Other national strategies also take energy sector climate resilience into consideration. The National Strategy for Critical Infrastructure and its 2018–2020 Action Plan for Critical Infrastructure cover energy and utilities as one of their key areas and highlight the increasing threat of climate change. In addition, the Joint United States-Canada Electric Grid Security and Resilience Strategy, which was developed to strengthen the security and resilience of the electricity grid, including to climate change impacts, discusses areas of collaboration for grid protection, response and recovery efforts, and the future of the electricity grid.

To support climate change adaptation and resilience activities, Canada provides several tools and databases. For instance, the Canadian Centre for Climate Services’ Library of Climate Resources and the Climate Services Support Desk provide links to climate datasets, tools, guidance and other related resources, while the Climate Change Impacts and Adaptation Division supports and creates several tools for adaptation risk assessments.

Furthermore, the Canadian Electricity Association (CEA) recently developed the guidance tool Climate Adaptation and Extreme Weather: A Guide to Adaptation Planning for Electricity Companies in Canada. Developed with and for CEA members, the guide provides information about climate impacts and risks as well adaptation measures and ways to evaluate them, with a focus on measurement and continuous improvement. It also presents best practices for adapting critical electricity infrastructure to climate change.

In addition, Canada’s National Assessment Process has produced a series of climate change impact and adaptation assessments that investigate how and why Canada’s climate is changing; the impacts of these changes on communities, the environment and the economy; and how Canada is adapting.
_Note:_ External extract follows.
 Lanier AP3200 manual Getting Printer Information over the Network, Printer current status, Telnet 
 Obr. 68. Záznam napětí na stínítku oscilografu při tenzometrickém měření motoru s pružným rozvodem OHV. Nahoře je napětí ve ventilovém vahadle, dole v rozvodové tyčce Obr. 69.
The government’s recently released National Issues Report highlights how climate change is already affecting all sectors, and how these impacts will persist and – in most cases – intensify. For the energy sector, changes in climate, such as rising temperatures, shifting precipitation patterns, thawing permafrost and sea ice, and extreme weather events affect energy demand and the entire energy value chain, from exploration and production to transmission and distribution. The report also discusses adaptation approaches to reduce associated risks.

Other reports including the 2019 Canada’s Changing Climate Report, Canada in a Changing Climate: Sector Perspectives on Impacts and Adaptation (2014) and From Impacts to Adaptation: Canada in a Changing Climate (2008) are available in interactive online formats or as PDFs through the Natural Resources Canada webpage. 

References
  1. During 2081-2100 compared to 1986-2005, under a RCP2.6 scenario.

  2. During 2081-2100 compared to 1986-2005, under a RCP8.5 scenario.

  3. RCP8.5 scenario.

  4. Storm indicates any disturbed state of the atmosphere, strongly implying destructive and unpleasant weather. Storms range in scale. Tropical cyclone is the general term for a strong, cyclonic-scale disturbance that originates over tropical oceans. In this article, we used these general terms, tropical cyclones and storms, but those can be divided into different categories in detail. A tropical storm is a tropical cyclone with one-minute average surface winds between 18 and 32 m/s. Beyond 32 m/s, a tropical cyclone is called hurricane, typhoon, or cyclone depending on the geographic location. Hurricanes refer to the high intensity cyclones that form in the south Atlantic, central North Pacific, and eastern North Pacific; typhoons in the northwest Pacific; and the more general term cyclone in the South Pacific and Indian ocean.